Let’s first take a closer look at why SEO is so important for lead generation.

Why is SEO important for B2B lead generation?

B2B sales cycles are longer with more people in the decision-making process, so the right SEO strategy is crucial for B2B businesses looking to attract high-intent web traffic that converts into leads. 

As these decision-makers conduct thorough research, your products and services must appear high on search results for different related queries. By increasing your brand visibility, you will be top of mind when B2B decision-makers consider purchasing the product or service you offer. You’ll see more qualified leads, engagement, and conversion as you scale lead generation.

Still, trying to decide whether to invest in B2B SEO? Check out these benefits and see how SEO pays off over time:

  • Rank for relevant, business-related target keywords 
  • Reach more potential customers by showing up on organic search results
  • Improve lead quality by creating content around transactional keywords
  • Nurture and convert visitors and potential leads into paying customers
  • Reduce relying solely on outbound methods like emails and cold calling
  • Increase the number of demos, calls, and booked consultations from potential customers

There are two main benefits to using SEO for lead generation. First, it’s mostly evergreen—you can make the investment upfront, and continue to reap benefits for years. Second, if you’re smart about your topic selection, it tends to bring you users who are highly qualified, because they went to Google for help solving some particular problem. It’s a highly motivated, active audience—not an audience that you’re grabbing while they happen to, say, check their email to open up Instagram.

–Lucia Tang, Head of Content Keeper

Some B2B shoppers will need the extra push to seal the deal. They may be at the final stage of the sales funnel but are yet to be ready to convert as they have unanswered questions. These customers are going back to Google, and other search engines, to look up your trustworthiness. 

That’s why your SEO marketing strategy should also focus on creating case studies, thought leadership content, or generating customer reviews that position you as a leader in your domain. All with the purpose of guiding your users and readers to your helpful resources so that they can click the ‘Chat with us!’ button in a heartbeat–or even better the ‘Get starter’ one. 

By now you might be wondering, if the goal is to appear on search engine result pages, what’s the difference between SEO and PPC?

We’re glad you asked.

What is the difference between SEO and PPC?

The key difference between SEO and pay-per-click (PPC) is that SEO helps your brand gain visibility for informational and commercial queries, whereas PPC involves running paid search ads for converting potential customers. 

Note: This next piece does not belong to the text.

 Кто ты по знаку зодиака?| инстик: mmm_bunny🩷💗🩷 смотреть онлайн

What do SEO and PPC do precisely?

Following SEO best practices helps you optimize your website and have better chances of ranking on search engines–organically. These optimizations include:

  • On-page SEO, among other things, helps you research keywords that customers use to learn about products similar to yours, strategically place them in your web content, and align it to match users’ search intent.
  • Off-page SEO includes getting backlinks from reviews, backlinks from blog posts on other websites, citations, and building local links–all showing search engines that you’re a trusted authority in your business domain
  • Technical SEO ensures all technical aspects of a website so that search engine spiders can easily find, crawl, and index your website

PPC is an online advertising technique that helps you serve laser-targeted ads on search engines and social media. You pay a fee every time a visitor clicks on your ad.

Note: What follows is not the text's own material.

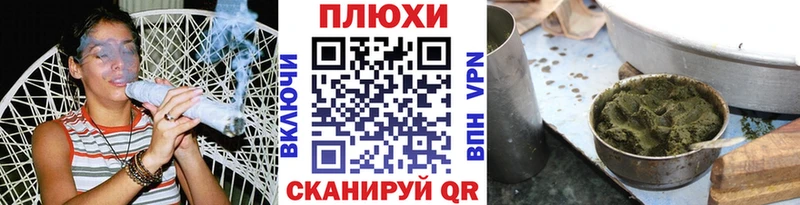ГАШ 40% ТГК  Углич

Setting up PPC advertisements involves:

  • Keyword research for understanding what customers are searching
  • Setting bids or the amount you’re willing to pay for each click
  • Creating ad sets with texts, headings, and right destination URLs
  • Audience targeting for setting who’ll see your ad

Both SEO and PPC have some advantages and disadvantages. 

Let’s look at PPC first.

Efficient PPC ad campaigns with solid landing pages and the right keywords will get you instant results. You can also target different geographics, and demographics, and run A/B tests to understand what’s performing better.

However, PPC can quickly get expensive because everyone wants to target and bid on the same keyword. Additionally, you’ll need to constantly monitor existing ads and refresh them for maximizing revenue. 

SEO strategies may take longer to produce results, but these are long-lasting results that aim to keep growing your online presence.

With SEO you initially spend a lot of time and money creating competitive and educational content that informs buyers and builds website authority. Slowly but surely, potential customers will start seeing you as a credible, trustworthy industry expert. That’s when you start ranking for targeted keywords, drive traffic, get leads, and drive them through the sales funnel–all organically achieved.

The main benefit of SEO in the case of lead generation is its long-lasting effects. Unlike paid strategies such as PPC advertising, the results of SEO efforts can continue to drive leads for your business even after the initial work has been completed. Obviously, you have to work with SEO, i.e., update content and address algorithm changes, to maintain and improve your rankings, but the initial investment can pay off for a long time.

– Natalia Brzezinska, Marketing & Outreach Manager PhotoAiD 

PPC results disappear almost the moment you stop paying, instead, SEO results last for some time after that, but will start to diminish as time goes on if you don’t keep investing in SEO.

The image above shows how Skale organically ranks for the keyword SaaS SEO agency. The ads you see above it will keep changing depending on who wins the PPC bidding war. However, the organic result will only solidify its position over time.

Here’s a final stat that will prove to you why SEO is a must, and PPC might not be the right investment to do: 58% of people don’t trust the ads they see online. Everyone is Google-ing their questions, but most are looking for the organic results, not the ads section. 

If that has got you thinking, check out these actionable tips on generating leads with SEO.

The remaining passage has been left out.